混合專家模型（MoE）已成為前沿語言模型的主流架構，但其運作時須將所有專家參數載入記憶體，這使得它在記憶體受限的部署場景中較不理想。現有的壓縮方法雖能減少專家數量，但輸出仍是具有相同基本限制的MoE模型。我們提出首個系統性框架，可將已訓練的MoE模型轉換為標準的全密集架構：先對專家進行評分、篩選與分組，再將它們拼接成密集前饋神經網路，並透過來自MoE教師模型的知識蒸餾進行精煉。我們在Qwen3-30B-A3B上針對多種選取專家數量，評估了7種評分方法、5種分組方法及2種幅度縮放方法，共產生350種配置。研究發現評分方法的選擇影響最大，我們新穎的「多樣性感知評分」在Qwen3-30B-A3B、DeepSeek-V2-Lite與GPT-OSS-20B上始終優於先前的方法。在參數數量匹配的受控比較下，MoE轉密集模型經過約4B token的蒸餾後，其平均下游任務準確率比密集轉密集剪枝高出6.3個百分點，且訓練時鐘速度加快了1.6倍。

English

Mixture-of-Experts (MoE) is now the dominant architecture for frontier language models, yet it requires all expert parameters to be loaded in memory, making it less preferable for memory-constrained deployment. Existing compression methods reduce the number of experts but the output remains an MoE model with the same fundamental limitation.

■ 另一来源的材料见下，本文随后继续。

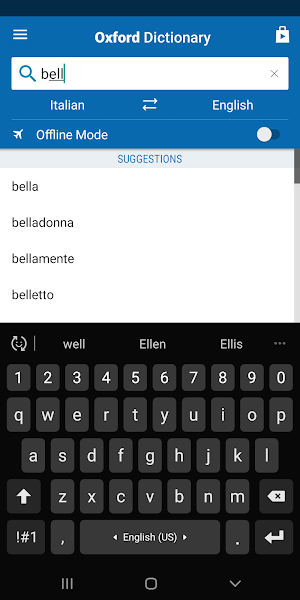 Concise Oxford Italian Dictionary Screenshot 1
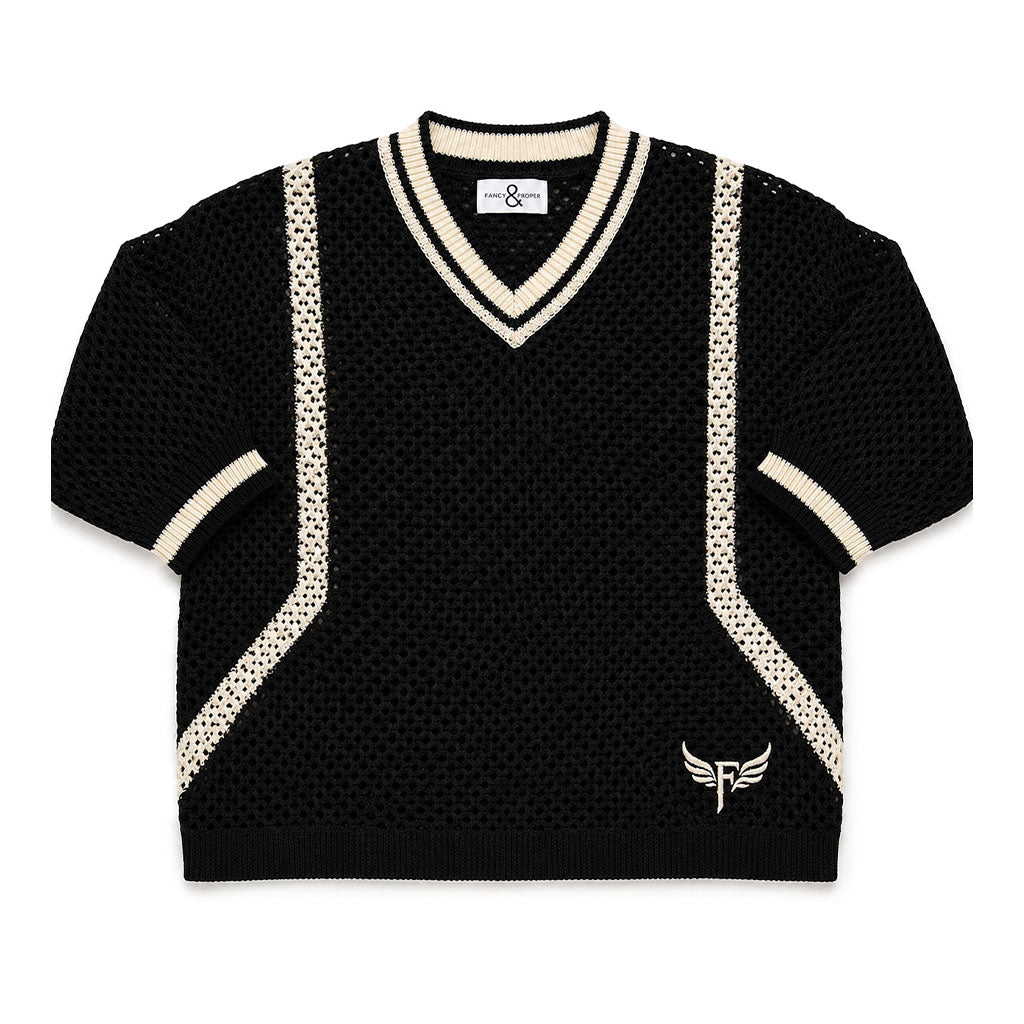 Sheer Edge Knit Pullover in Black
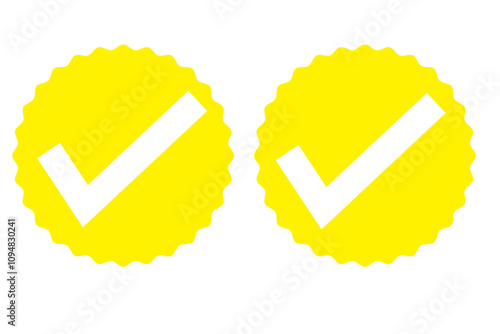 badge check icon, Verified badge profile vector.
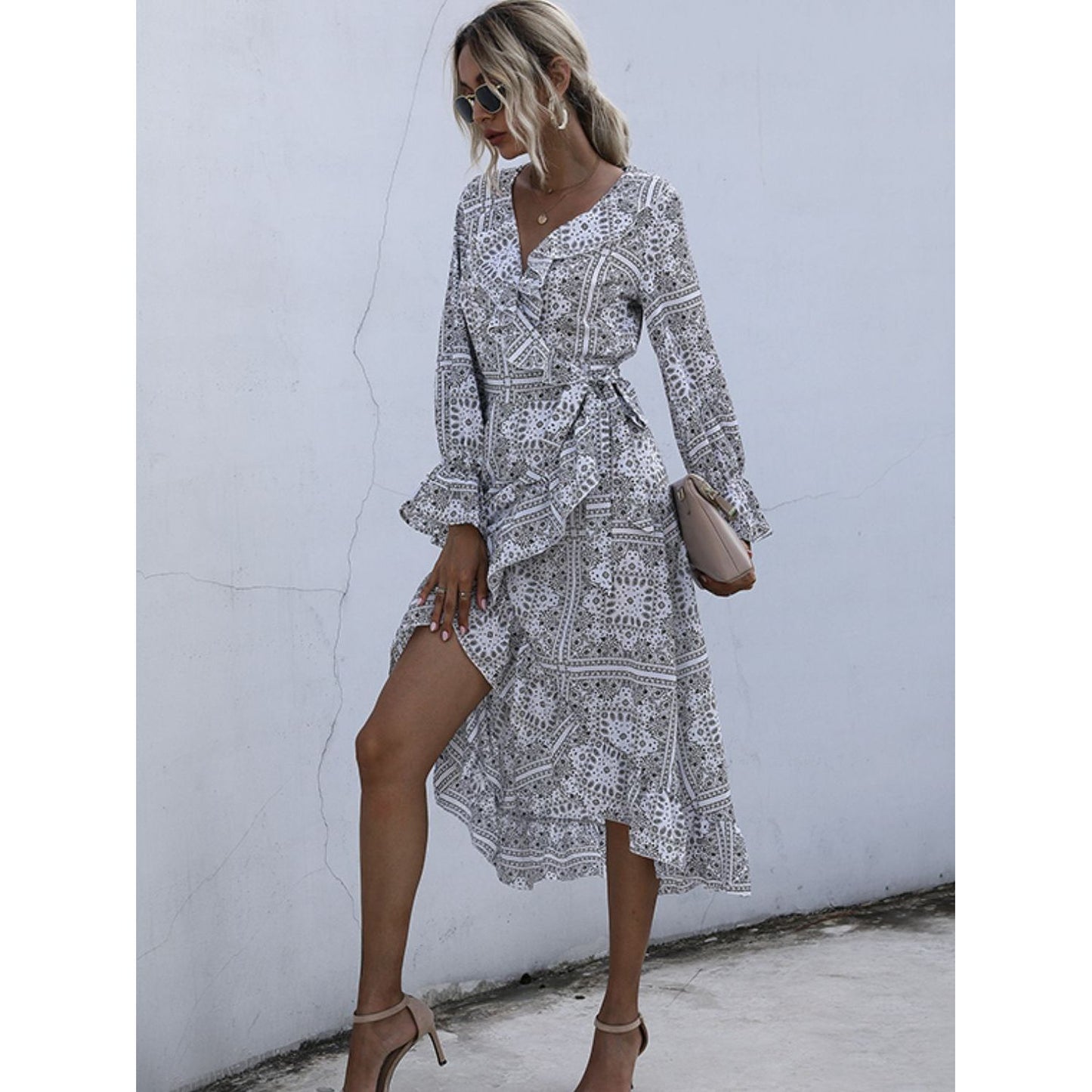 Perfee Ruffled Slit Surplice Long Sleeve Dress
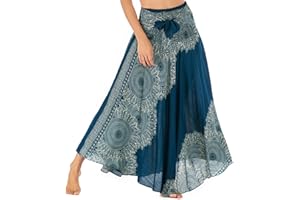 Adigaber Womens 2in 1 Vintage Maxi Skirt Floral Print Bohemia High Waist Summer Long Dresses Elegant A-Line Skirt for Party Beach Photos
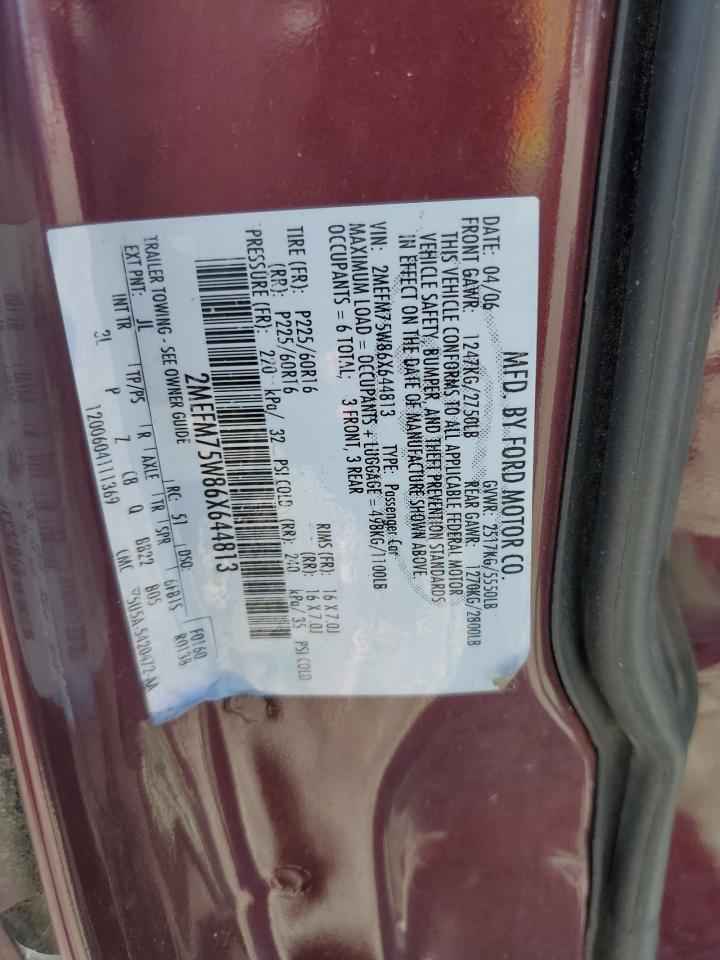 2006 Mercury Grand Marquis Ls VIN: 2MEFM75W86X644813 Lot: 71870115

We present the first systematic framework for converting a trained MoE into a standard fully dense architecture: experts are scored, selected, and grouped, then concatenated into a dense FFN and refined by knowledge distillation from the MoE teacher. We evaluate 7 scoring, 5 grouping, and 2 magnitude scaling methods across a range of selected expert counts on Qwen3-30B-A3B, yielding 350 configurations. We find that the choice of scoring method is the most impactful, with our novel diversity-aware scoring consistently outperforming prior methods on Qwen3-30B-A3B, DeepSeek-V2-Lite, and GPT-OSS-20B. Under a controlled comparison at matched parameter count, MoE-to-dense outperforms dense-to-dense pruning by +6.3 pp in average downstream accuracy after ~4B-token distillation at 1.6x faster training wall-clock speed.